William Dick, a Texan who distributed VWs and Porsches in a number of US states, and enjoyed driving Ferraris and Maseratis but wanted a more practical car for him and his wife. Introduce this absurd 911 sedan!
The project started in 1966 even when Porsche already made a huge impression on the world of cars. It wasn’t enough for William and had his General Manager fly all the way to Europe to find a designer willing to make it. Not bad for the GM of the time, he could call it a holiday! And also I guess you could conclude William didn’t want an American to completely redesign a German Porsche too!
Two budding coachbuilders, Dick Troutman and mechanical engineer Tom Barnes agreed to make the car. In December of 1966, an early production 911S was given to Troutman and Barnes, and they got to work. A metalsmith, Emil Diedt, went straight to removing the roof and extending the platform by 21 inches (55.3 centimetres), just before the B-Pillar. This would lead to a 108-inch (2,743mm) wheelbase. You must wonder to yourself if these guys looked at each other during production and said, ‘what on earth are we doing here’.

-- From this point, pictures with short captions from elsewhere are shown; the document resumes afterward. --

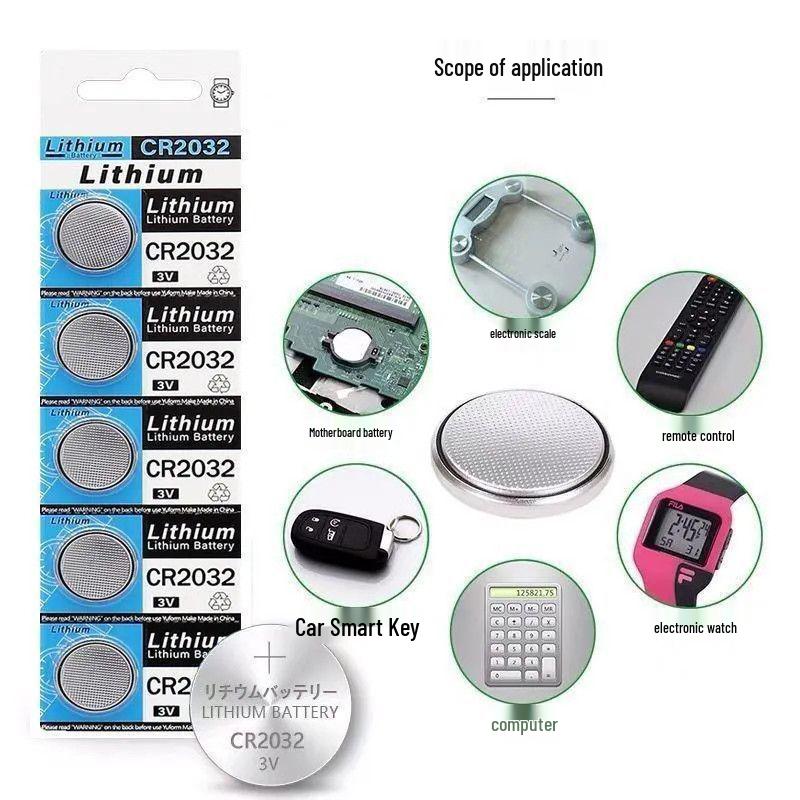 3V Button Battery Options: CR2032, CR2025, CR2016, CR1632, CR1620, CR1220.
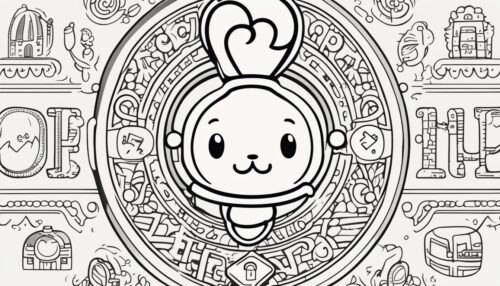 Tamagotchi Coloring Pages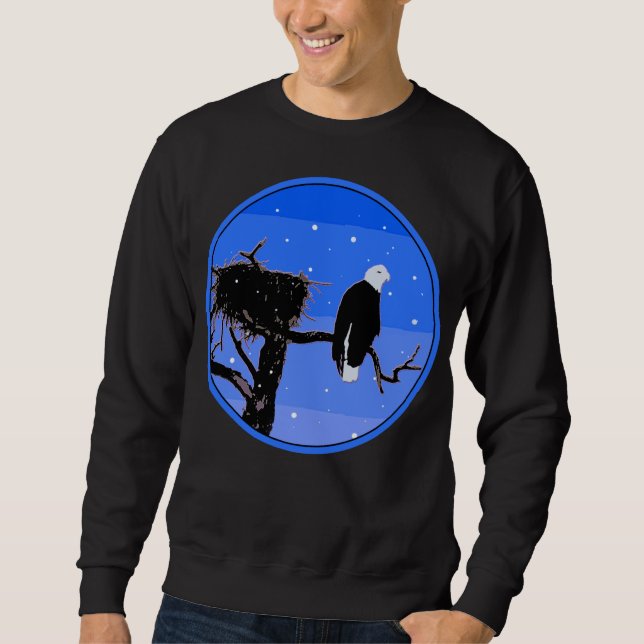 Bald Eagle im Winter - Original Wildlife Art Sweatshirt (Vorderseite)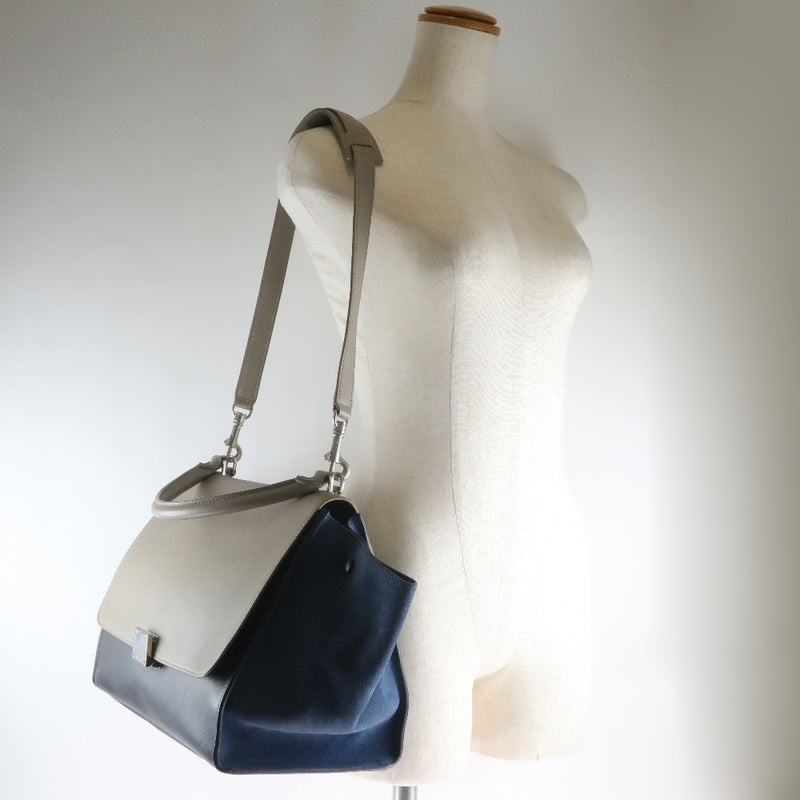 [Celine] Celine Traps 2WAY Shoulder Handbag Curf Ladies Handbag A-Rank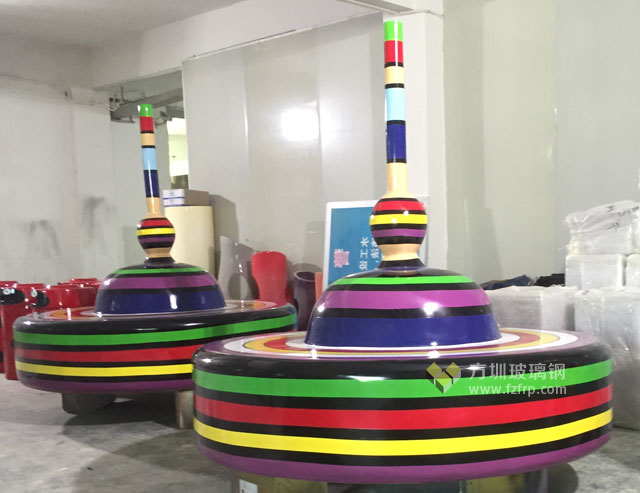 湖南商场棒棒糖创意造型玻璃钢休闲椅方圳工厂成品图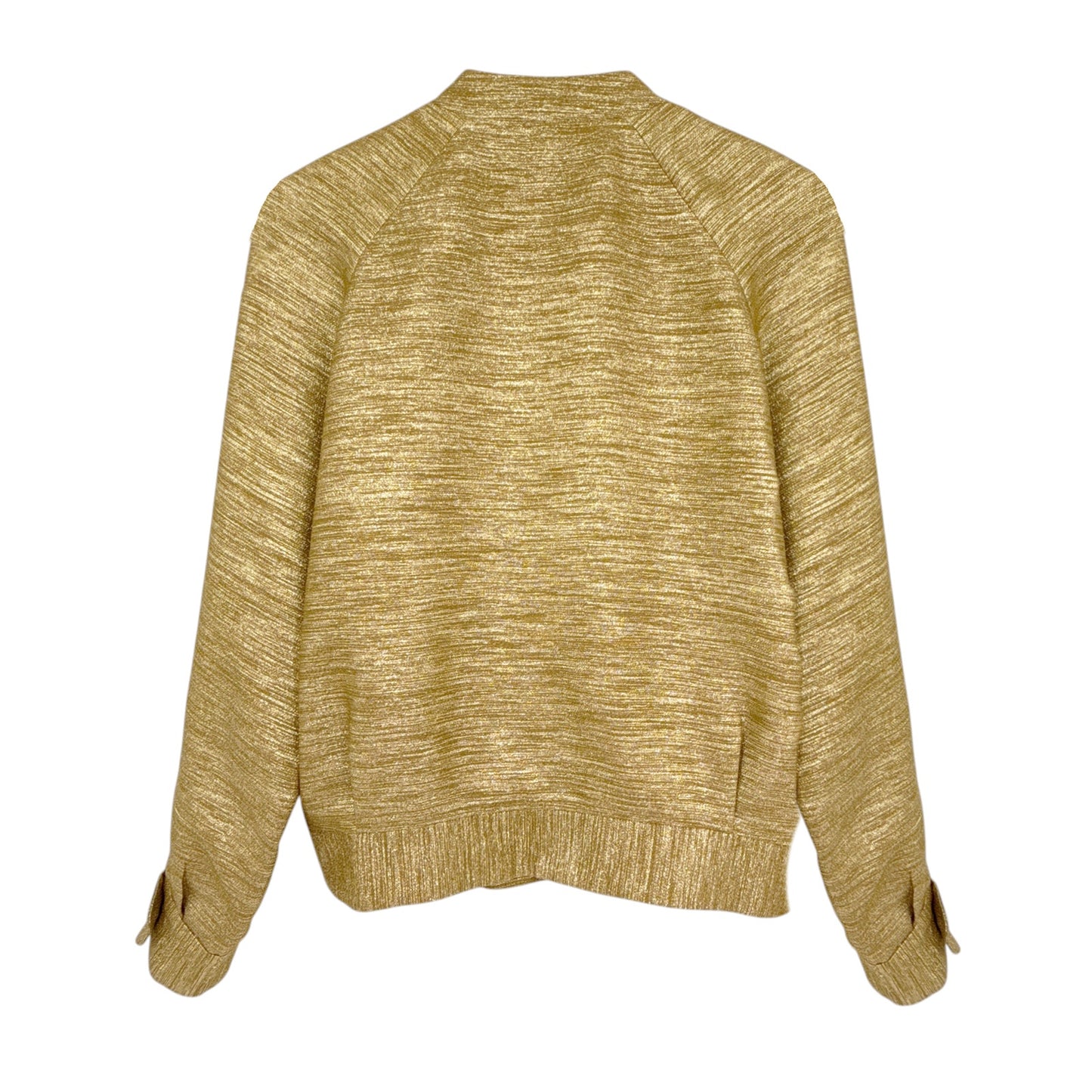 SEZANE Archie Jacket in Gold Viscose FR34|XS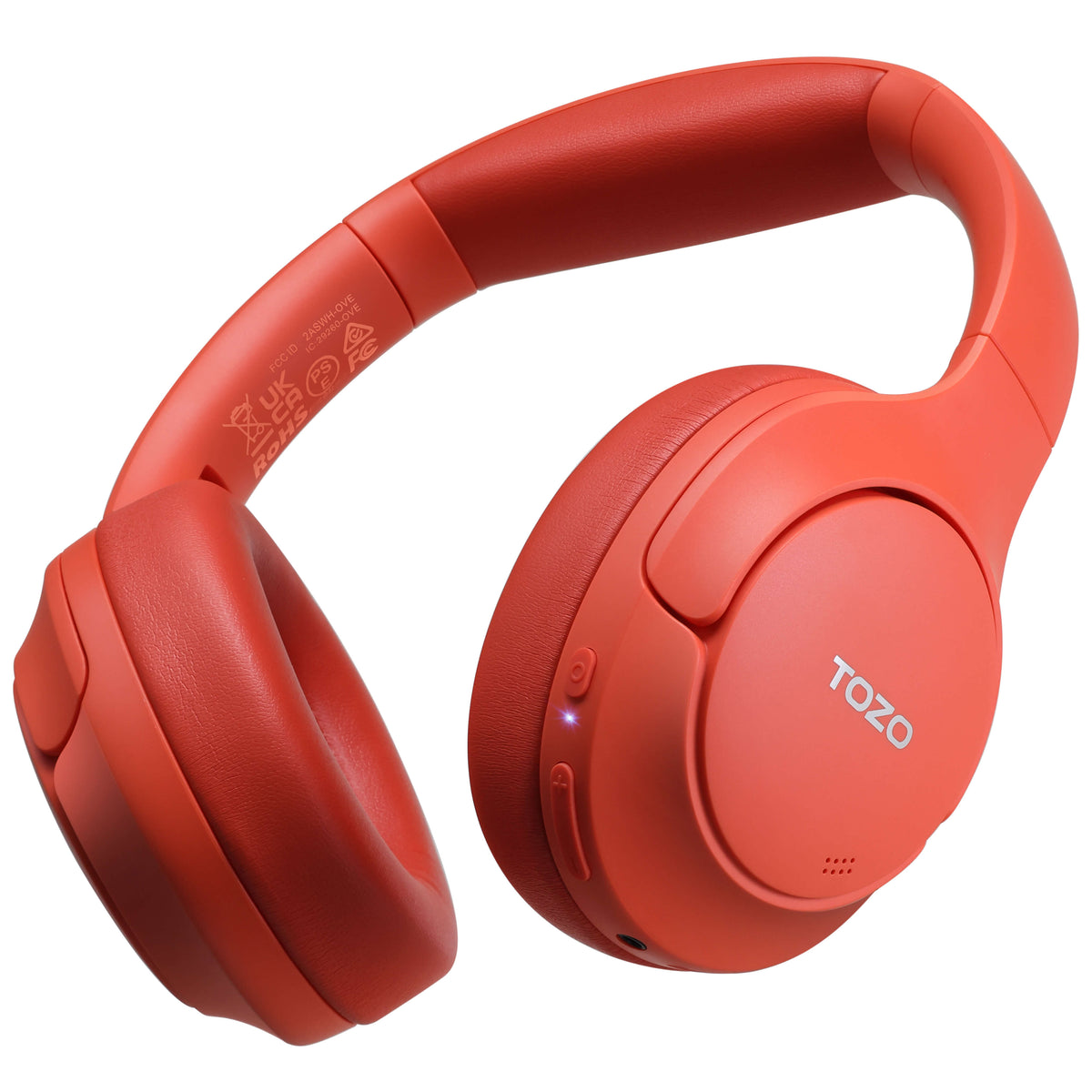 TOZO HT2 Hybrid Active Noise Cancelling Wireless Headphones-Red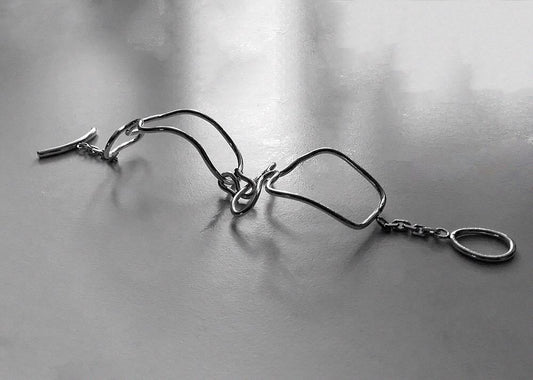 Pulsera de Plata 925 Trenzada con Nudo Suelto - Image 2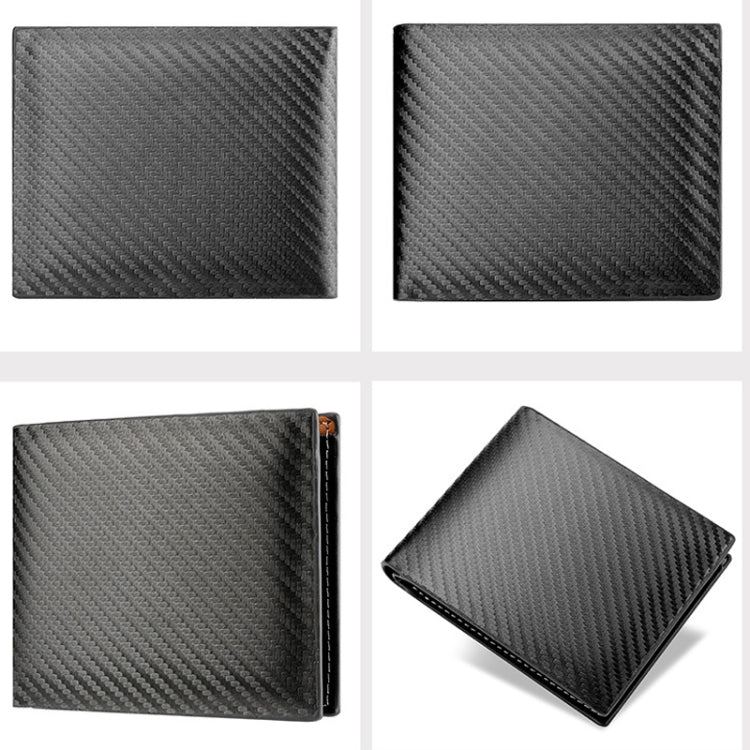 Men Wallet Carbon Fiber Horizontal Business Wallet Card Holder My Store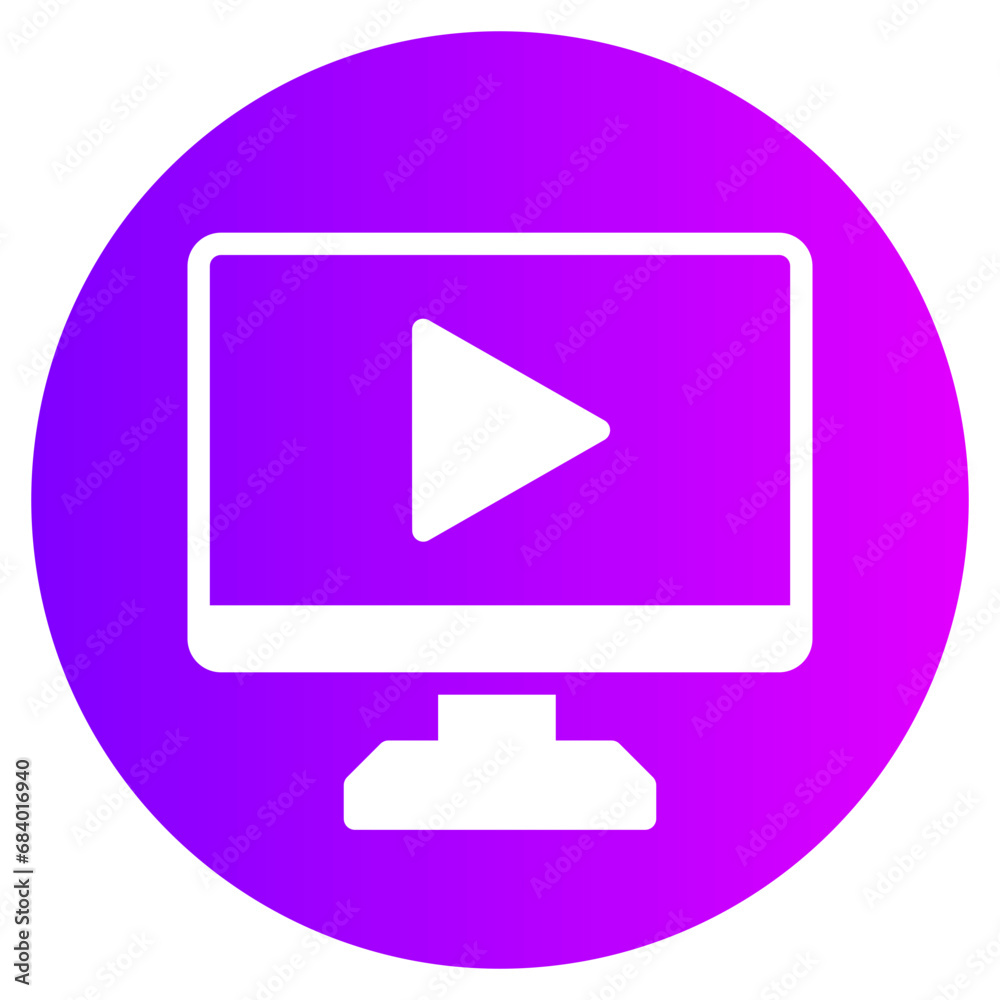 computer gradient icon computer gradient icon
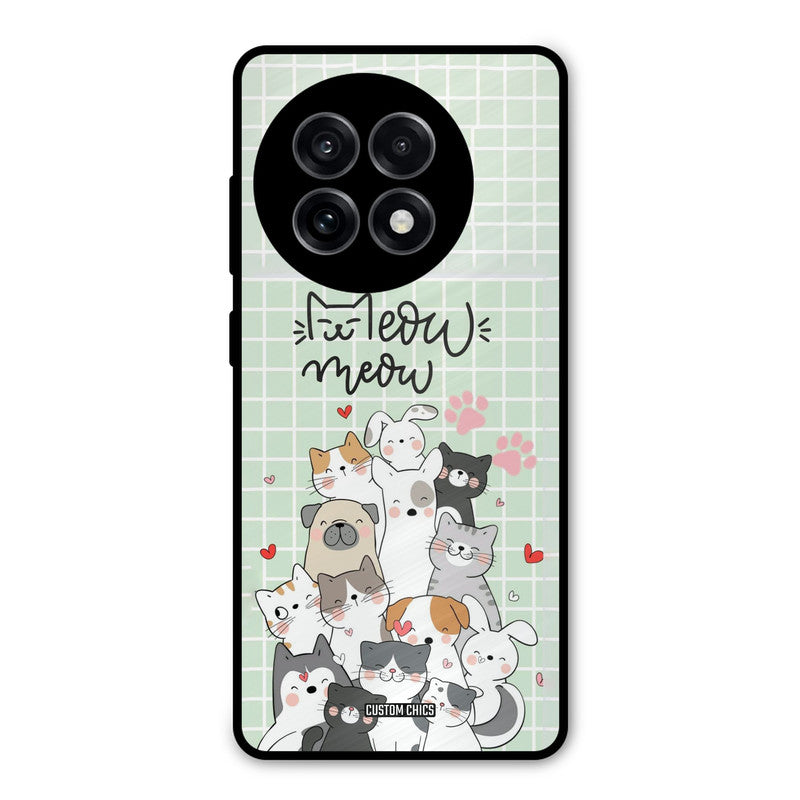 Meow Meow OnePlus 13R Mobile Back Cover - Cute PrintShield Case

It would be near completion in August 1967, when two new factory Porsche options were applied. The Fuch wheels, and the Sportomatic transmission. Dick would also ask to have the car be painted green. It would be delivered to Hester Dick around December 1967. Its total cost was estimated to be around $20,000 USD ($153,530 USD in 2020). After William’s ownership, the car was painted green at some point.
By the summer of 1968, Porsche actually had their eye on the car, debating whether to give the one-of-a-kind sports sedan a production date. Although they never decided to create it at the time, who knows, maybe William Dick’s design for his 911 ended up on the design board of the Panamera – awaiting confirmation.